University conducts campus climate survey for first time in a decade

To take the survey, check your UMass email for an individualized link


AMHERST — For the first time in about a decade, the University of Massachusetts Amherst is conducting a campus climate survey. Students, faculty and staff are invited to share their observations and input on various aspects of campus life.

Earlier this week, UMass community members received an email containing an individualized link to take the campus climate survey. The survey, which is expected to take 15 to 20 minutes, is anonymous.

The survey is entirely optional, but various members of the campus community — ranging from the chancellor to the head of grounds — are encouraging everyone to participate.
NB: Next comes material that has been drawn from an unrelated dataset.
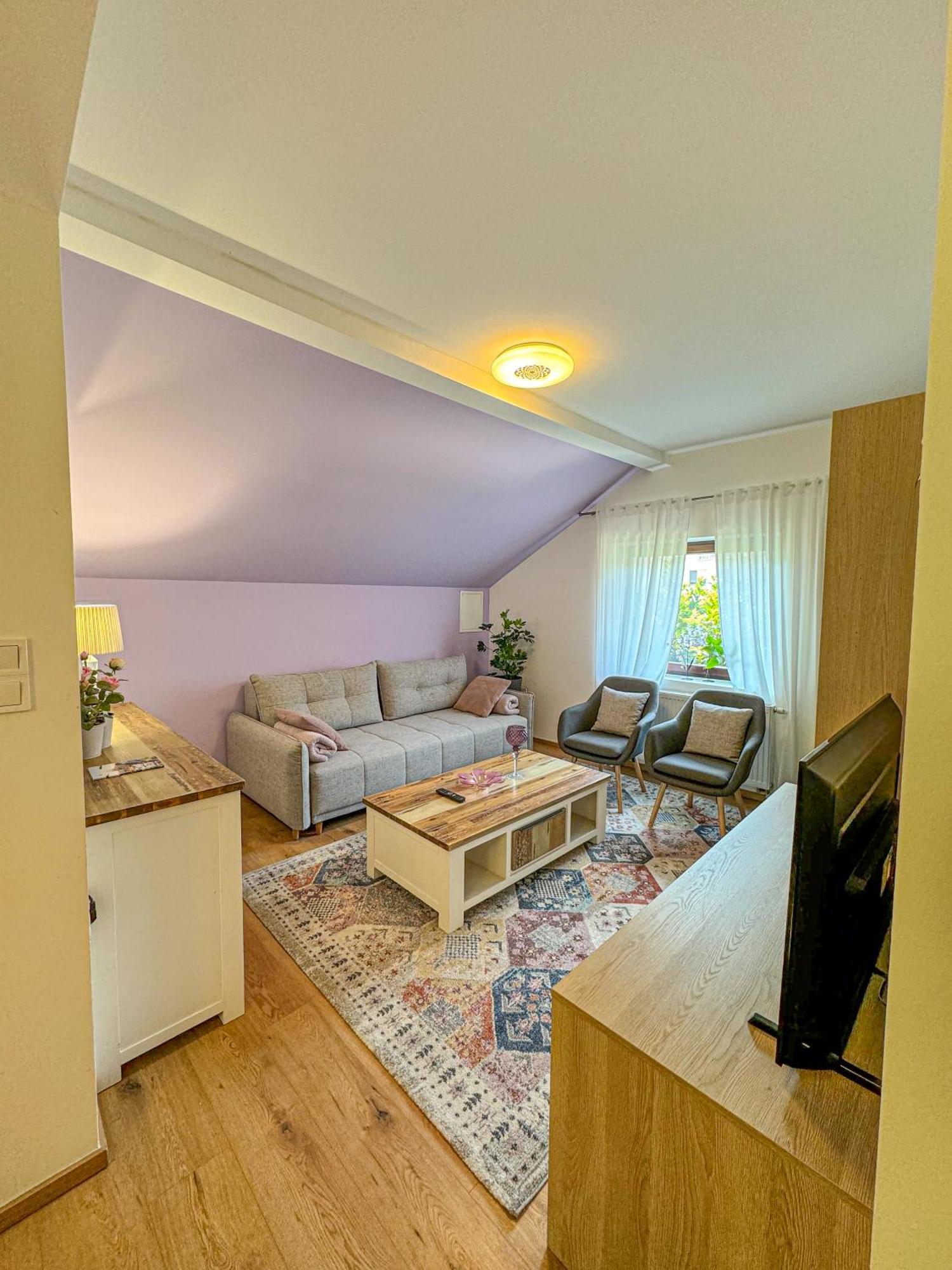 Apartman Mibel Zagrzeb Zewnętrze zdjęcie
UMass spokesman Ed Blaguszewski said Wednesday the survey results will provide administrators a great deal of insight into day-to-day life at the university and help the university strategize for the future.

“We believe that it’s important to get an assessment from the members of our community to assess what it’s like to live and work here so we have good data to allocate resources,” Blaguszewski said.
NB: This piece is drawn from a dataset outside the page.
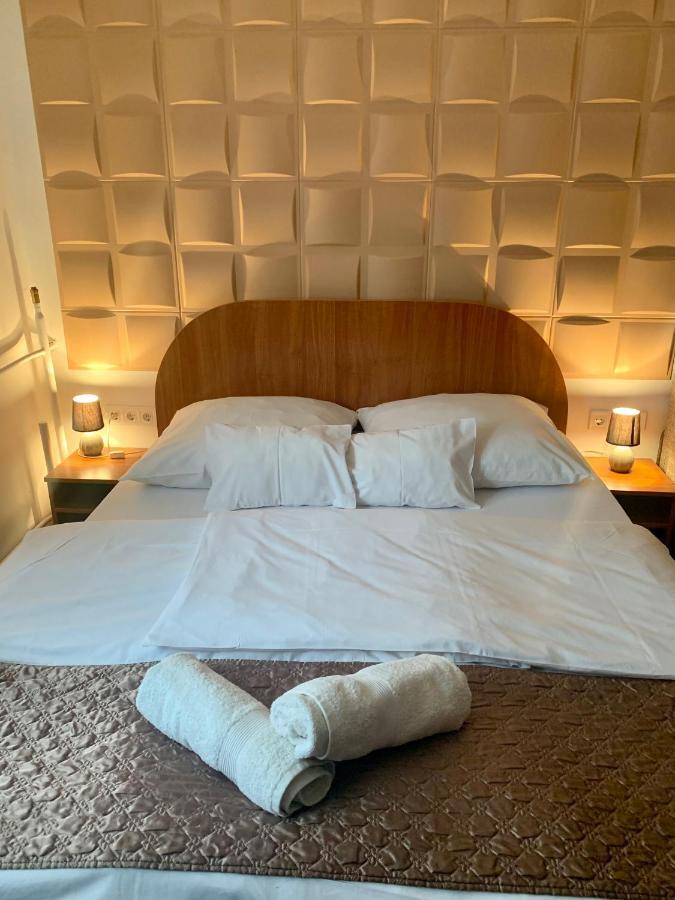 Dorottya Vendeghaz Hotel Miskolc Bagian luar foto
In a video statement, Chancellor Kumble R. Subbaswamy said that the survey will only be effective if there is enough participation.

“The survey results will give us a lot of information to work with in building our caring community, but only if we hear from a great many of you. We’re a campus of nearly 30,000 people and this survey applies to all — regardless of race, gender identity, age or occupation,” Subbaswamy said in the video.

Leading up to the survey, banners, posters and fliers promoting the survey were seen around the campus and within residence halls.

“We really want people to participate. As we said, your voice is important and we want to hear you,” Blaguszewski said.

The administration is hoping to spread the word and increase participation by taking advantage of social media.

“We’re in the process of creating a system on the Twitter feed where you could log in using your traditional credentials,” Blaguszewski said.

While this is the first campus climate survey in about a decade, there have been other climate surveys administered to select groups of the UMass community in the past.

In spring 2012, there was a campus climate survey administered only to undergraduate students that focused on similar topics. In that survey, the response rate was 18.26 percent.

Martin Meehan, president of the five-campus University of Massachusetts system, emphasized in a press release earlier this week there is a “commitment to diversity and inclusion” in the UMass system.

The university administration hopes that participation could be higher for this survey. The survey comes at a critical time in the university’s atmosphere for many.

Post-election, there have been protests, a vigilwalkouts and rallies for unity around the country and locally. At these public demonstrations, protesters wanted to make their voices heard.

This week, Gender Liberation UMass (GLU), a student organization that advocates for transgender, gender non-binary and gender-queer students, held a protest inside the Whitmore Administration Building restrooms calling for more gender-neutral bathrooms throughout the campus.